SIX SCENES THAT CHANGED HOW I THINK ABOUT GENDER

“From men, I learned to praise the thickness of walls./From women,/ I learned to praise”

– Ocean Vuong, “To My Father/ To My Unborn Son”

“The moment of queer pride is a refusal to be shamed by witnessing the other as being ashamed of you.”

– Maggie Nelson, The Argonauts


I am not the first person to point out that a lot of folks’ first exposure to any kind of gender-bending in popular media was the freaky sewn-corpse bodysuit scene in The Silence of the Lambs. And I am certainly not the first person to assert that this is not a good thing. Lately, I’ve spent a lot of time thinking about how many stories, images, and characters our culture will need to create (and consume) in order to replace the frightening image of a serial killer tucking his penis behind his legs with something complicated and real in its stead.
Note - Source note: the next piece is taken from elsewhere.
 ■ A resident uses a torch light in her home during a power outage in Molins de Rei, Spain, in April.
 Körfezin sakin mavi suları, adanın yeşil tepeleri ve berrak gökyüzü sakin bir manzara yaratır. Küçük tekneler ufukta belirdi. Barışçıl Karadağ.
I think the answer to that is: a whole damn lot of them.
In this article, I would like to show you some scenes from TV and film that made me think more critically– and in some cases, more lovingly– about gender. I’m not saying that any of these scenes are perfect. They aren’t. But they meant something to me when I watched them, and they inspired me to be a better activist, partner, and human being.

As Pride 2019 loses its summery luster, leaving behind its ever-lengthening trail of corporate advertisements shrouded in glitter and rainbows, I encourage you to consider the perennial gifts of these cinematic moments. They all deal either implicitly or explicitly with some aspect of gender presentation, performance, or identity, and they all have made unique and powerful impressions on my mind. I consider these characters and the shapes of their lives often; I’m hoping that perhaps they’ll inspire you, too.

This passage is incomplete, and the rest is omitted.